In recent weeks, Cohen has posted a smattering of online attacks against Trump, calling the former president derogatory names and taunting him over a gag order the judge in the case, Juan Merchan, imposed on his speech.

Trump has been barred from attacking witnesses, prosecutors, court staff and the judge’s family, but the order doesn’t preclude him from deriding Merchan or Manhattan District Attorney Alvin Bragg (D).

Cohen, who once served as Trump’s personal attorney, is expected to be a key witness for the Manhattan district attorney’s office in its case against Trump over his alleged falsification of business records to conceal a hush money deal with a porn actor ahead of the 2016 election.

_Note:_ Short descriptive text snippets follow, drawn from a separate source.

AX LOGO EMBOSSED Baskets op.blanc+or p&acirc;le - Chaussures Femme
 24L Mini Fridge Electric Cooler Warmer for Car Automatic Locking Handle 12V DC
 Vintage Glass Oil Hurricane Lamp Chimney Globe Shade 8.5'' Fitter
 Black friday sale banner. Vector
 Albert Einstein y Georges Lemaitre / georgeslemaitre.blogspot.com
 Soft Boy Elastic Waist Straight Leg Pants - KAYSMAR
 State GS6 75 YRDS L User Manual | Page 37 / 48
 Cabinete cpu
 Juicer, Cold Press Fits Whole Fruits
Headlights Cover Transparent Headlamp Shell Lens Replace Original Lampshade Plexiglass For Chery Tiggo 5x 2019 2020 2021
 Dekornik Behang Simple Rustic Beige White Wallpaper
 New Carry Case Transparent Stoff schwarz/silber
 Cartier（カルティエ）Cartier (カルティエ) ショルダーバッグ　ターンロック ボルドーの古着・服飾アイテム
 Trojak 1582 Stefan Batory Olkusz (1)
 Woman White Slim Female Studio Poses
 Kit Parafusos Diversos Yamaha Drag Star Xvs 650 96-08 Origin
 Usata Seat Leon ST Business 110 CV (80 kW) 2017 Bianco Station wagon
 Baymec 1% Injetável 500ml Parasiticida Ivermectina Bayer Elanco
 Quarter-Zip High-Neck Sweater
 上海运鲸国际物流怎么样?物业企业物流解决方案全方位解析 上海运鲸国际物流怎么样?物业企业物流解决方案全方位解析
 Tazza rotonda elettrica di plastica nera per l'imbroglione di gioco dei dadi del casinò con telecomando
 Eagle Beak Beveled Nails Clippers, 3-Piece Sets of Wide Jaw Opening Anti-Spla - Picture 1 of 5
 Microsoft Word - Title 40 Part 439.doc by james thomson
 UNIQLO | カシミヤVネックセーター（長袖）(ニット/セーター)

The hush money payment in question was made by Cohen to Stormy Daniels, who claimed she had an affair with Trump. The former president has denied the affair and pleaded not guilty to 34 felony counts of falsifying business records.

During a hearing Tuesday over whether Trump violated the gag order, the former president’s attorneys argued there was “absolutely no willful violation” in 10 posts flagged by prosecutors. However, Trump should be allowed to defend himself against political attacks — even if they come from witnesses, they said.

“There is no dispute that President Trump is facing a barrage of political attacks from all sides, including from the two witnesses referenced in the early posts,” Trump attorney Todd Blanche said, referring to Cohen and Daniels.

Prosecutors with the district attorney’s office countered that “throwing ‘MAGA’ into a post doesn’t make it political” and that the former president’s attacks went too far.

Outside the courtroom Tuesday, Trump railed against the order as “a disgrace” and “totally unconstitutional.”

“I don’t believe it’s — not to this extent — ever happened before,” he said of the gag order. “I’m not allowed to talk, but people are allowed to say whatever they want about me. Very unfair.”

Cohen is expected to take the witness stand later in the trial to detail his role in the alleged “catch-and-kill” schemes that prosecutors say were meant to clear Trump’s path to the White House.